How To Work Out Without Working Out
Have you visited a drive-through restaurant or bank today? Used an escalator or elevator? Or drove over to the grocery store 900 yards down the road? You cheated yourself out of a lot of exercise.
A Mammoth Problem
To exercise doesn’t mean having to run without wanting to go anywhere or lifting a weight without purpose. All these are substitutes for what we don’t do anymore, but what our bodies are designed for: trailing a mammoth, throwing a spear at and finally wrestling it down with our fellow huntsmen.
The problem is the last time most of us saw a mammoth was at a natural history museum and attacking it would lead to no steaks, but a lot of time at the local police station. Which is why jogging and dumbbells were invented.
Anything Is Exercise
Yet even if you hate gyms or if the thought of sweating in front of your TV to the tune of some fitness DVD is as pleasant to you as imagining getting your toe nails pulled out, you can still give your body a bit of what it was meant to do. You just need to slightly alter some of the things you do anyway:
- Don’t use escalators or elevators, take the stairs
- Park further away from the entrance when you visit shopping malls and the like
- Walk to the local grocery store or, if you have to buy more, take a bike
- Don’t use drive-throughs and drive-ins
Each of these tiny little habits makes a small difference and they can add up to 200-400 extra calories burned per day, without you consciously trying to work out or setting up extra time for it in your daily schedule.
Please don’t tell me doing this will take so much longer time and you are always busy. Stairs are always there, while for an elevator you have to wait. And finding parking space for your car at the grocery store sometimes takes longer than riding your bike right up to the entrance and putting it into the bike rack many places have.
Extra Mile For Baldwin Park
Three months ago the small city of Baldwin Park, CA, came to a similar conclusion and put out a ban on new drive-through restaurants being erected. Ironically this was also the place where this kind of restaurant was invented – “In-N-Out” will probably ring a bell for many Californians. But citizens weren’t happy and Wallet Pop got this from one of them:
“This is California, where it all began, man,” says Max Weston, an In-N-Out regular who “never gets out of my car for a burger.” He says that cities shouldn’t determine where and how restaurant goers fill their bellies. “Staying in my car means as much to me as eating the food.”
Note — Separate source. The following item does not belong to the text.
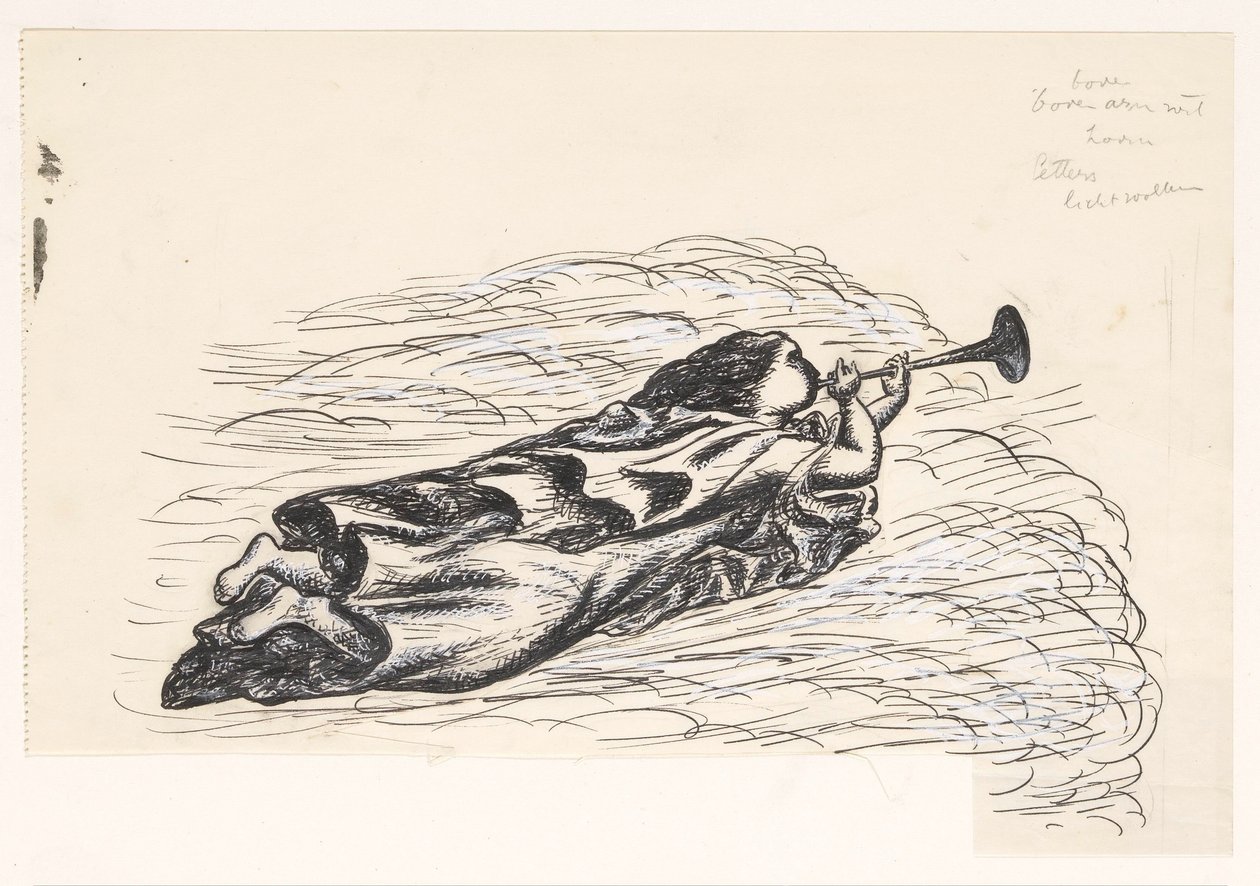Femme avec trompette, flottant sur des nuages - Leo Gestel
Which is a bit amusing, as the next paragraph reads:
Then again, Weston is trying to lose a few pounds, so spacing the restaurants farther apart “may not be a bad thing,” he added. “I might go less often.”
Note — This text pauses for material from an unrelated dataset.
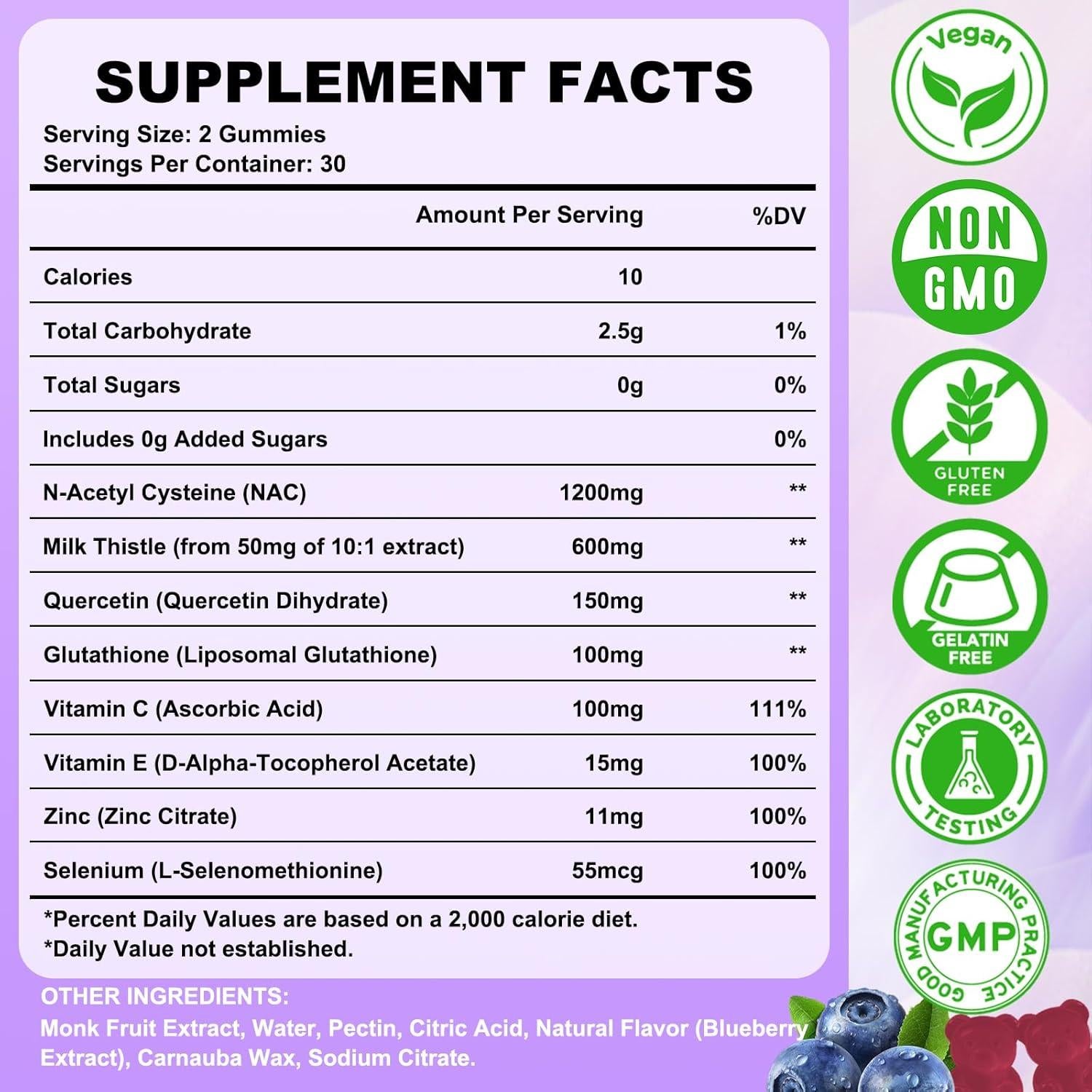 Gomitas NAC 1200mg Flyrocer - 60 unidades sabor arándano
You might even walk a bit more, Mr. Weston.
Picture courtesy of Sam Mugraby.
8 Comments
There’s always time to get some form of activity in no matter how busy you are unless I suppose you’re literally stuck in a cubicle 24/7 (though I just had a vision of a guy in a business suit doing pushups in his work area while the boss was looking away :p).
You’d be surprised how much doing little things like taking the stairs, walking across the parking lot and just fidgeting around can add up to in the long run.
Exactly!
Yeah I always try to walk instead of taking the escalator etc. Only when I’m really tired do I take the easy way.
I walk up stairs in a calf raising-manner, since I don’t have calf raises in my routine. Double bass + calf work in everyday life is all I do for ’em ^^
How do you increase weight doing that? “Excuse me, Ma’am, do you mind if I carry you up the stairs? I need to do my calf workout!” 🙂
Yea.. my dr told me about the parking farther away trick.. I do it now and the other benefit is I don’t have to fight for parking (no one wants to park that far back).
Yep! And the other advantage is: You’ll never get dents from people hitting your doors with theirs or bumping into you car with their shopping trolley 🙂
I’ve seen people drive their cars from one parking lot to the next when in a long strip of big box stores… As opposed to parking in the middle, and walking to each one. What a wasted opportunity 🙁
My biggest regret about the area I bought my house is that things are so spread out that driving is the only option for a lot of my shopping (they frown on people walking on highways). Fortunately I have a dog, so daily walks are still part of my life.
Let me tell you: When I lived in the US, I walked to the local Wal-Mart, which meant down some residential streets and across a highway. There were no sidewalks and people stared at me like I was a fugitive on the run.